Sunday morning, a week ago, I'm sitting at the kitchen table trying to pull from the recesses of my brain answers to a questionnaire that would be used at my church's Transition Retreat (where the highschool seniors, soon to be college freshman learn about what the "transition" may be like), and I'm reminded of all the not fun, wish-I-hadn't's of that space in life.
Hours later this picture rolls across my Facebook news feed.
Gallons of memories fill my head.
And I think.
Where has the time gone?
Ten years. A decade since I first set foot on Calvary's campus.
What has that many years beyond the transition taught me?
I recognize that I was so ignorant then. So short sighted. So much that I thought I knew, but didn't.
Hallelujah the Lord redeems things.
And that I can share these things with younger women over cups and cups of coffee...
1. Christ needs to be, has to be in first place. (Colossians 1:18). Above textbooks. And boys. And basketball. Because He is worthy of it. Sure, I learned to define preeminence in it's fullest theological form. But I had no idea. Before leaving for school my youth pastor's wife who had attended Moody warned me, don't get caught up in the going to chapel and writing papers and using the Bible as a textbook that you forget to read it for yourself. I didn't listen. It became super academic. And if I'm honest, I fight that temptation still.
2. Discipleship matters. I didn't know what discipleship really was. It wasn't until a year after graduation and in full-time ministry that I started getting it conceptually. It's life on life - while you are going (Matthew 28:19). And it can take many different forms. But no matter the logistics, it's so important to have a person in your life who's walked the road before that can ask you tough questions like: are you spending time with just you and the Lord, examining your heart for sin? Or is the Bible just another book on the desk?
3. Starting with Spring Banquet question, generally most people have in mind marriage when they go to Bible college. Not everyone. But most. So if you want to be married, and want to prepare yourself, start sacrificially laying your life down FOR EVERYONE AROUND YOU- for their eternal good. Starting now. It's Galatians 2:20, "I've been crucified with Christ and it's not longer I who live, but Christ who lives within me..." That's the gospel.
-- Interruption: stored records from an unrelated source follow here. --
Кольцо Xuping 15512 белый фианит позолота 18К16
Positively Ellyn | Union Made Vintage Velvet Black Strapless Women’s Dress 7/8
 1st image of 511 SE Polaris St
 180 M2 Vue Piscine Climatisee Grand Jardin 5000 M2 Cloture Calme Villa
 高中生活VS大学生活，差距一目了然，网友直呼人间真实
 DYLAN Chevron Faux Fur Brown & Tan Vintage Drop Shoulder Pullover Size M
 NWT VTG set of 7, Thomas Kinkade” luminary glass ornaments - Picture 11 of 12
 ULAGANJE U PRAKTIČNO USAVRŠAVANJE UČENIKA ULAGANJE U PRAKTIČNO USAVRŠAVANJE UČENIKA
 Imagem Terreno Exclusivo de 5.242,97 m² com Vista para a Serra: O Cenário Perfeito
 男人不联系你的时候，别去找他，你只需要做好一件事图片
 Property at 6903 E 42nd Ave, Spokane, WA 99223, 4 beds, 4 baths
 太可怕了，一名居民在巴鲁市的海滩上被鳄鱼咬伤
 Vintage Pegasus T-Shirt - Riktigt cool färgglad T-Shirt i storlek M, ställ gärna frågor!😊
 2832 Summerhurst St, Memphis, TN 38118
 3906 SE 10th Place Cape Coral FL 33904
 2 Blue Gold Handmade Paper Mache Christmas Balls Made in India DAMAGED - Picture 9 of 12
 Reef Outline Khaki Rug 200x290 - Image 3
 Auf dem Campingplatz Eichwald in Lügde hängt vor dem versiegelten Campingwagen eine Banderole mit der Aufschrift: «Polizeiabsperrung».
4. DON'T BE AFRAID TO ASK QUESTIONS. I know it's supposed to look like you have your act together when you go to a Bible college, because only people that want to be missionaries and pastor's and pastor's wives go there, but you don't have to. If you are wrestling with your faith and doubting your salvation talk to someone. Don't bottle it in. This is one of those times in life where you'll be surrounded with a high saturation of godly, smart people.
5. Church isn't a grade. If you're going to a Bible college, chances are you'll have to record your church attendance and whether or not you served in the church in some capacity that week. But the (universal) Church and the (local) church is where life is found. If college is meant to prepare you for that, start treating the body of Christ with purpose and passion. Life is busy in college, but it get's busier, so sink you feet in deep and get involved. Find a small group. Start serving in youth group. Create special music slides. Not because you have to, but because you get to.
6. Bear with one another and forgive relentlessly (Ephesians 4:32 and Colossians 3:13). But know there is a time to confront and clear the air (Matthew 18:15 and Galatians 6:1). Don't let petty, caddy girl-weirdness stand in the way of acting like the sisters in Christ that you are. Be bold and humble and "consider everyone to be more significant than yourself" (Philippians 2:3).
7. Live like you know the end of the story. Because you do! [Just read the book of Revelation (I know I say that over and over on this blog, but it's truer than we know!)] The thought should drive you to seek what is above (Colossians 3:1-3) and live like a good soldier who doesn't get caught up in the affairs of the world (2 Timothy 2:3-4). When you think about people - live in light of eternity - knowing that college-who-likes-who-drama is temporal and your relationships (with believers) are forever.
8. Know that you are being equipped FOR EVERY GOOD WORK through your education. Second Timothy 3:16 is the mantra of Bible colleges, but let's not forget the following verse reminds us: because Scripture is sufficient, we "may be complete, equipped for every good work."
9. Read that 700 page book on biblical interpretation and think to yourself, I may get to teach Scripture to women one day - I may get to lead a Bible study. Think, this is really important for me to know and understand so I can rightly divide the word of truth (2 Timothy 2:15). So actually try to know and understand it.
10. College is NOT real life. Four years will fade into the distance faster than you know. Don't forget your family, who you'll have forever. Or your previous friends who could end up waltzing back into your life in some way. College is such a special - but unique - time in life, so understand that you'll not always have built in community. One day you'll have to go outside of yourself looking for it. That too, means you'll have to lay down your life. Get out of your comfort zone. But just because you'll have to go looking for it, doesn't mean that's it's not important (Colossians 3:15, 2 Timothy 2:22, Hebrews 10:25).
Just like college isn't real life, it's not forever either.
So remember to savor and not inhale.
And trust the Lord that he will teach and guide and direct in the exact way he desires.
And thank him that he redeems and reconciles in unbelievable, unimaginable ways.